Het 'ontwaken' van dit Calvijnse kerk-begrip zou vandaag wel eens van grote actuele betekenis kunnen worden.

Wanneer de 'vaderlandse kerk' noodzakelijkerwijze vandaag de dag wordt terugggebracht tot de juiste 'eigentijdse' proporties, dan zou ze wel eens 'samen met al de heiligen' in de hele wereld hier te lande weer wezenlijk 'volkskerk' kunnen worden, zoals dit voor Hoedemaker in de vorige eeuw een 'must' is geweest: De kerk is als zodanig volkskerk - dat wil zeggen, zij is in principe open voor en naar het héle volk - of zij is géén kerk. Al is die 'volkskerk' dan tot marginale en minimale proporties terugggebracht, zij heeft ten principale een (hét) Woord voor de wereld en daarmee in de eerste plaats voor het eigen volk.

Belijdenisgeschriften

Het hangt ongetwijfeld samen met het kerkbegrip van Calvijn, dat hij nergens opzettelijk en breedvoerig de aandacht vraagt voor de eigen waarde en het gezag van belijdenisgeschriften.

Ongetwijfeld zijn ze voor hem in zijn tijd van betekenis en zelfs van grote betekenis geweest, maar nergens krijgen de toenmalige belijdenisgeschriften voor en van hem een verzelfstandigde positie, laat staan dat Calvijn ze opnam in zijn wezensbepaling van de kerk. Waar het Wóórd is, daar is de kerk, en daar horen de belijdenisgeschriften ondersteunend en getuigend bij, maar dan wél op de tweede plaats.

Het gaat Calvijn vooral om de dynamiek van deze documenten voor het 'Woord-gebeuren' in de gemeente en zó in het geheel van de kerk, waarbij dan in de eerste plaats het Woord deze geschriften zal doorgloeien en deze getuigende en belijdende geschriften geenszins over het Woord zullen heenvloeien om het aldus te doen vervloeien in een onzegbare zondvloed van nietszeggende woorden óver het Woord van God. Met andere woorden: om Gods wil, een hartelijke belijdenis vanuit en door het Woord, en geen móndbelijdenis over en aangaande het Woord!

Is dit laatste het geval, dan wordt op een 'roomse' wijze het Woord geplaatst onder de stolp van de traditie en aldus 'monddood' gemaakt. En dat was en kan de 'gereformeerde bedoeling' niet wezen.

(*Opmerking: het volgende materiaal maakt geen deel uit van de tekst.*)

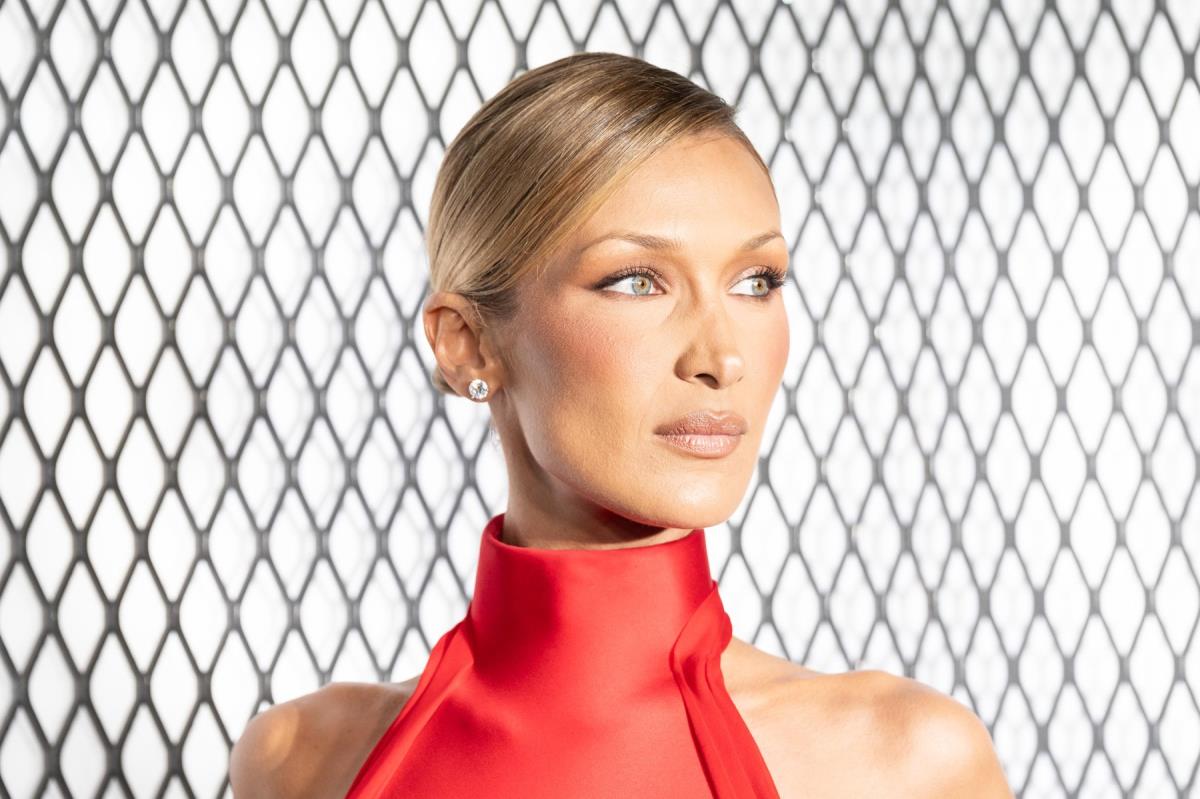 Bela Hadid u crvenoj Skiapareli haljini na premijeri filma Lepotica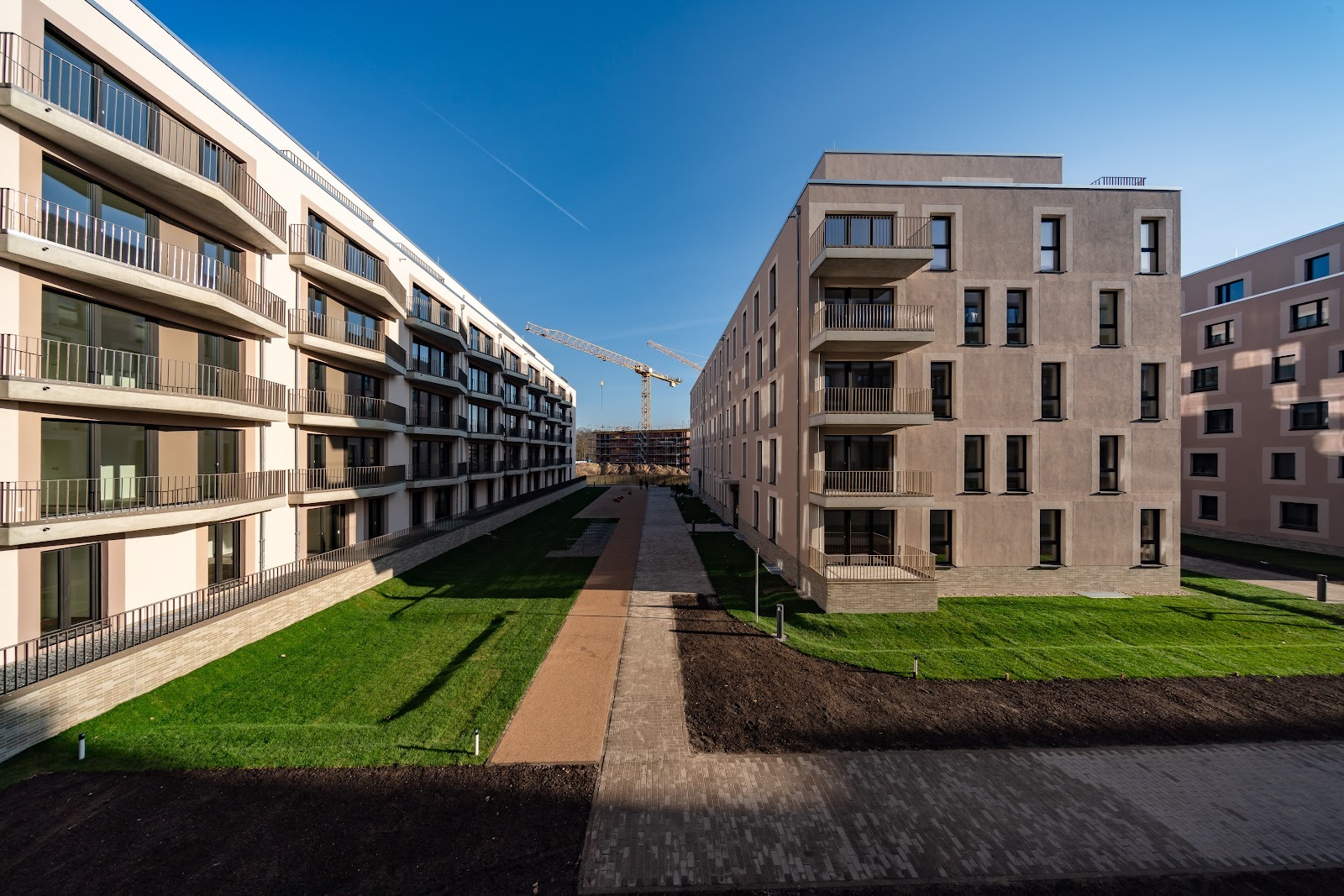Neubau mit Fußbodenheizung im Erstbezug an der Waterkant - Photo 1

Wanneer anderzijds de belijdenisgeschriften in de kerk monddood zouden worden gemaakt, dan heeft de kerk als zodanig niets meer te zeggen. Maar dit betekent niet, dat dan het Woord in die kerk niets meer te zeggen zou hebben! Waar het Woord van God is, daar is de kerk, en het zal de kerk dan opnieuw leren van God te getuigen dan wel Zijn Naam te belijden.

Zou de kerk ontrouw zijn of in hoge mate worden aan haar belijdenis. God blijft getrouw. Dat is wezen en reikwijdte van het verbond der genade, niet als gevrijwaarde goedkope genade, maar als geopenbaarde duur verworven genade in kruis en opstanding van Jezus Christus, welke gepredikt zal worden tot het God behaagt de kandelaar hier te lande eventueel weg te nemen. Tot die tijd zal het welbehagen des Heeren gelukkend voortgaan, om welke reden het Woord zal voortgaan en de kerk zal voortbestaan.

Niet weggaan

Ziet men de kerk primair als iets 'uitwendigs', dat door ambtelijke beslissingen kan worden opgebouwd dan wel worden afgebroken of ophouden te bestaan, dan is het mogelijk haar op een 'doperse' wijze af te schrijven om zich vervolgens terug te trekken in een individualistisch gestructureerd 'geestelijk' isolement. Maar dan reageert Calvijn heel fel: 'uit de kerk weggaan betekent verloochening van God en Christus' (Inst. IV, 1, 10). Het Woord is immers ongebonden en wanneer en waar dit zuiver wordt bediend, even als de sacramenten, dan is daar de kerk, als Gods werk en allerminst als mensenwerk. En wie zou zo vermetel zijn te stellen dat Gods werk door mensenwerk ongedaan zou kunnen worden gemaakt?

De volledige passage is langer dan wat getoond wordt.